Like many of Ratnam's films, A Peck on the Cheek uses contemporary politics as a backdrop. It begins with an extraordinary reverie focusing on the marriage of two Sri Lankan youths: Madhavan, a shy but determined young girl from the country (played by the phenomenal Nandita Das, the star of Deepa Mehta's Fire), and Dileep, a committed activist opposed to the invasion and military dictatorship. Their post-marital bliss is painfully shattered by the arrival of the military, which leaves Madhavan alone and pregnant in a refugee camp.

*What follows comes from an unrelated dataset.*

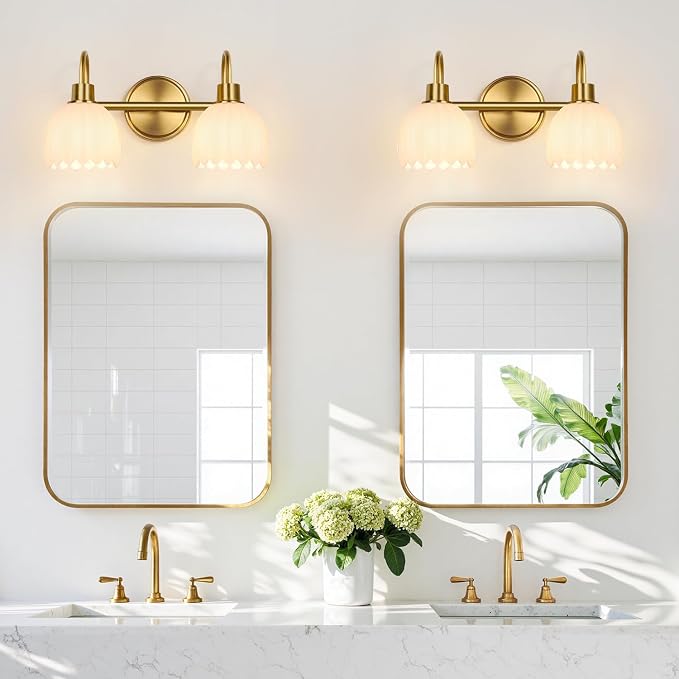 Bathroom Light Fixtures, 2-Light Gold Vanity Light Fixtures - Image 7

At this point, the film abruptly shifts focus to concentrate on a happy, middle-class family. Their pride and joy is their effervescent, infuriating daughter Amudha, who is perceptive enough to know just how far she can push one parent before seeking refuge with the other. Ratnam pays tribute to the girl's innate intelligence and the chameleonic nature of her generation with a stunning musical number rivalling anything to come out of Bollywood in recent years. Yet, a shadow hangs over the family: Amudha was adopted. Her quintessentially liberal father wants to tell her; her mother isn't so sure. Their eventual decision will change the family forever, instigating an odyssey that is terrifying, quixotic and troubling.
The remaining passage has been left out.